登録:2020-06-23 21:52 修正:2020-06-24 10:19

 コロナ禍、第4次産業革命も、韓国の大学の垂直序列構造を緩和できないだろうし、学閥地位世襲構造を揺さぶらることもないだろうし、最上位圏の大学進学を賭けた競争も決してなくすことはできないだろう。

 過去20年で大学の垂直序列は深刻化し、それは首都圏への人口集中と重なった。ソウルの名門私立大が、概して所得5分位出身の学生で満たされる教育不平等がさらに深刻になった。閉校になる大学の後処理に没頭するのでなく、大学教育の質的向上のための策を出さなければならない。

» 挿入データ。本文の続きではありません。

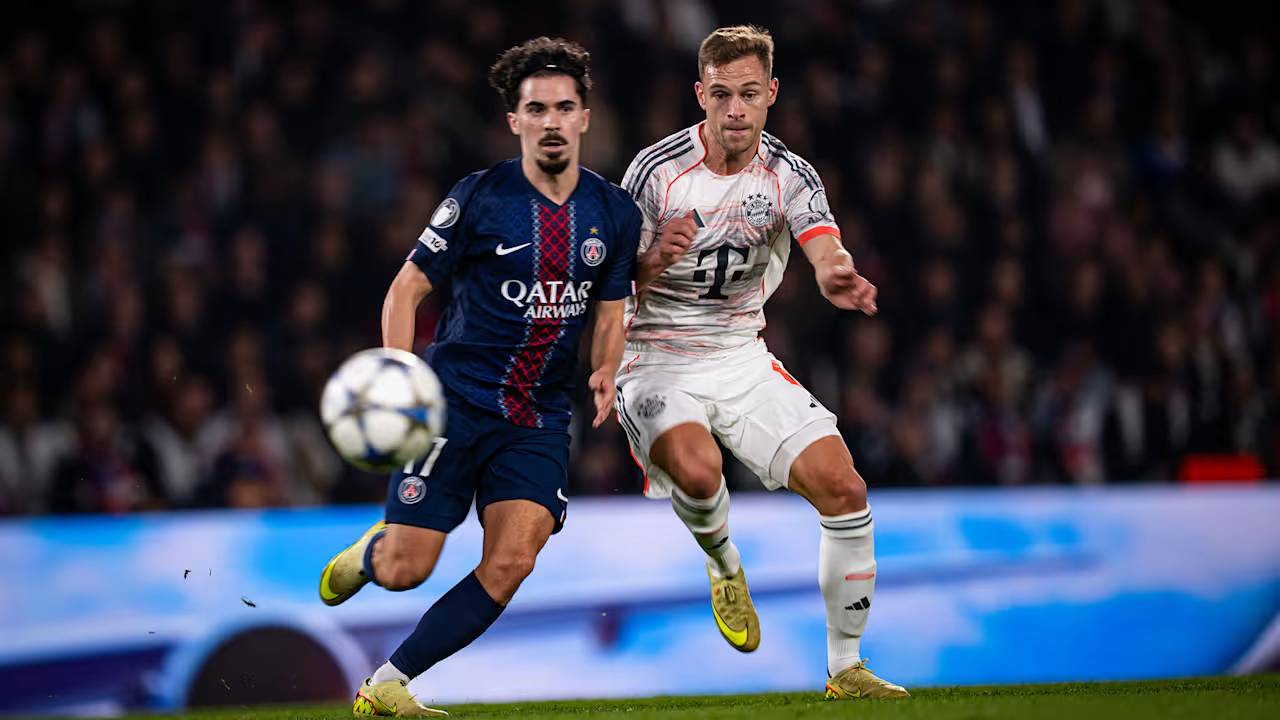 PSG vs Bayern Munich – Demi-finale Ligue des Champions 2026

 未来統合党のキム・ジョンイン非常対策委員長が「大学教育を根本的に変えなければならない」として、教育課程改編のために国会に「高等教育審議委員会」の設置を主張した。経済的効率性の観点で高費用低効率の韓国の大学教育改革の必要性を論じた。高等教育政策は、文在寅(ムン・ジェイン)政府の最大弱点だ。金大中(キム・デジュン)、盧武鉉(ノ・ムヒョン)政府は、大学改革と学閥主義打破の刃を振るったが、結局入試制度の変更という龍頭蛇尾に終わり、文在寅政府は刃を振るいもしなかった。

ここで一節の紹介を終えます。